- Exercise details -
With the line containing "Stone Island Jersey" as the start and the line containing "Leuk. Topografik İnsani" as the end, transcribe that span of the entries below exactly, including both.

- Given records -

_____

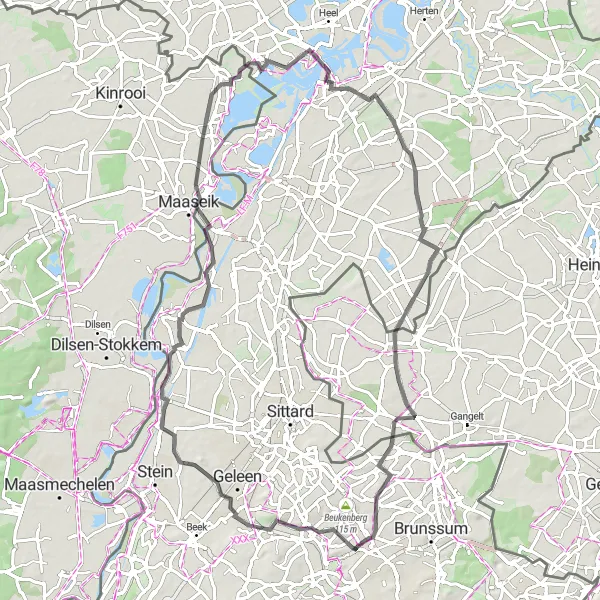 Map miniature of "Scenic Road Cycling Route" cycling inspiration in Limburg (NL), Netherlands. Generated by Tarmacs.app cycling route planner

_____

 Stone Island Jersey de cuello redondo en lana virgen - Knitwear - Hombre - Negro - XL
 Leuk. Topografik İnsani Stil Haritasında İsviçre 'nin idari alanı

_____

- Answer for this exercise -
 Stone Island Jersey de cuello redondo en lana virgen - Knitwear - Hombre - Negro - XL
 Leuk. Topografik İnsani Stil Haritasında İsviçre 'nin idari alanı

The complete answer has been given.